São Paulo, 24/06/2010 - O editorial "Os grampos nos presídios" foi publicado hoje (24) no jornal Estado de S. Paulo:

"Embora o Código de Processo Penal garanta expressamente o direito ao sigilo nas conversas entre os advogados e seus clientes, o governo instalou equipamentos de gravação de áudio e vídeo nos parlatórios - salas onde presos e seus defensores são separados por vidro blindado, comunicando-se por telefone - das quatro penitenciárias federais. E, mais grave ainda, o Ministério da Justiça admitiu que foi feita pelo menos uma escuta.

Essa escuta ocorreu no presídio federal de segurança máxima de Campo Grande em Mato Grosso do Sul (MS) e o fato somente veio à tona depois que sete agentes penitenciários denunciaram ao presidente do Conselho Seccional da Ordem dos Advogados do Brasil (OAB) de MS a ocorrência de faltas disciplinares graves nesse estabelecimento penal. Uma das irregularidades é a gravação dos encontros íntimos dos presos. Outra irregularidade é a divulgação de gravações pela internet.

Em ofício enviado ao Conselho Federal da OAB, o ministro da Justiça, Luís Paulo Barreto, alegou que os equipamentos de gravação de áudio e vídeo instalados nas penitenciárias federais se destinam a atividades de "informações e inteligência", que as penitenciárias federais abrigam líderes de facções criminosas nacionais e internacionais e que a escuta no Presídio Federal de Campo Grande foi realizada em "caráter excepcional" e autorizada pela Justiça Federal.

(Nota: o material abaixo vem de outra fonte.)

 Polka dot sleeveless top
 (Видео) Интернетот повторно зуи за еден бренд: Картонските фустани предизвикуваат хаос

Mas, em entrevista à imprensa, o magistrado que concedeu a autorização deu a entender que as autoridades penitenciárias federais viriam há algum tempo "monitorando" conversas de presos com seus advogados. Atendendo a um pedido de cooperação internacional, uma das escutas teria envolvido um italiano preso por tráfico de drogas. Outra escuta teria sido realizada sob a justificativa de que poderia ajudar a desvendar um plano dos traficantes Fernandinho Beira-Mar e Juan Carlos Abadía para sequestrar autoridades e seus familiares, para trocá-los por presos. O juiz reconheceu que os monitoramentos ferem a privacidade dos advogados, mas ressalvou que toda investigação é "invasiva" e que a escuta é um eficiente instrumento de combate ao crime organizado.

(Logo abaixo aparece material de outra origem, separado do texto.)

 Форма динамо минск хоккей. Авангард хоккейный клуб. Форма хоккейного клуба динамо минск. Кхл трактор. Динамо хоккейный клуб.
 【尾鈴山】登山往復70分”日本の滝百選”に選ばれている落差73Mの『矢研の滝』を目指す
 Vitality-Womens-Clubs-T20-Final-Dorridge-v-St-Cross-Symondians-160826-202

A descoberta dos equipamentos de gravação e o reconhecimento da realização de pelo menos uma escuta pelas autoridades penitenciárias federais receberam duras críticas dos advogados. Reclamando da falta de segurança jurídica, líderes da categoria lembraram que os argumentos mencionados pelo ministro da Justiça, em seu ofício à OAB, são os mesmos que foram invocados pela Polícia Federal, em 2004 e 2005, para invadir escritórios e apreender documentos, ao arrepio da Constituição.

Esses advogados também lembraram que há juízes que concedem autorizações vagas para escutas telefônicas, o que pode ser interpretado por policiais como uma carta branca para cometer abusos. O exemplo mais conhecido é o do delegado Protógenes Queiroz, que se valeu das autorizações vagas concedidas pelo juiz Fausto Martin De Sanctis, da 6.ª Vara Criminal Federal. Lembram ainda que há casos em que foram feitos "grampos" antes que as devidas autorizações fossem pedidas à Justiça.

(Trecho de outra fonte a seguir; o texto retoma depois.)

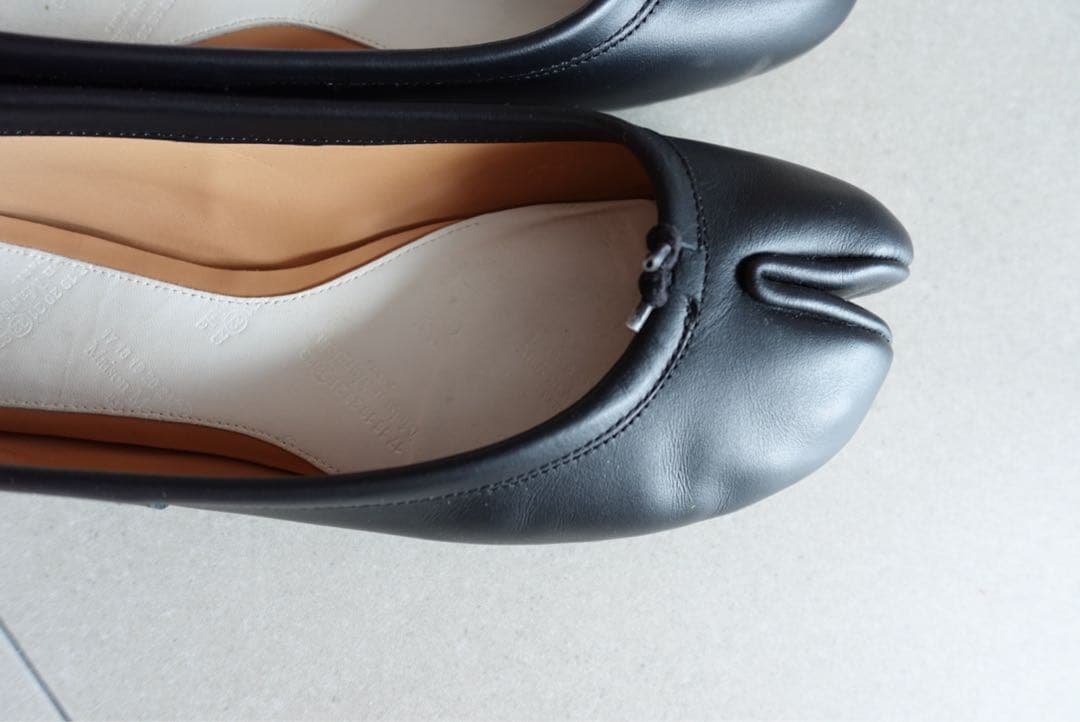 マルジェラ　足袋ブーツ　黒　パンプス　バレーシューズ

Alguns dirigentes governamentais classificaram as críticas dos advogados como corporativas e lembraram que alguns deles exorbitam da imunidade profissional, atuando como cúmplices do crime organizado. A gravação das conversas destes com seus pseudoclientes seria uma forma de desmascará-los. Trata-se de um argumento perigoso, uma vez que é uma minoria expressiva que usa as prerrogativas profissionais para viver de atividades ilícitas.

As escutas telefônicas são meios eficientes de coleta de provas, não há dúvida. Mas, se forem utilizadas sem rigorosos controles legais, podem corroer as bases da segurança do direito e abrir caminho para um Estado policialesco, onde os fins justificam os meios mais torpes. A denúncia de que são grampeadas as conversas entre advogados e clientes nas penitenciárias federais têm de ser investigadas com rigor."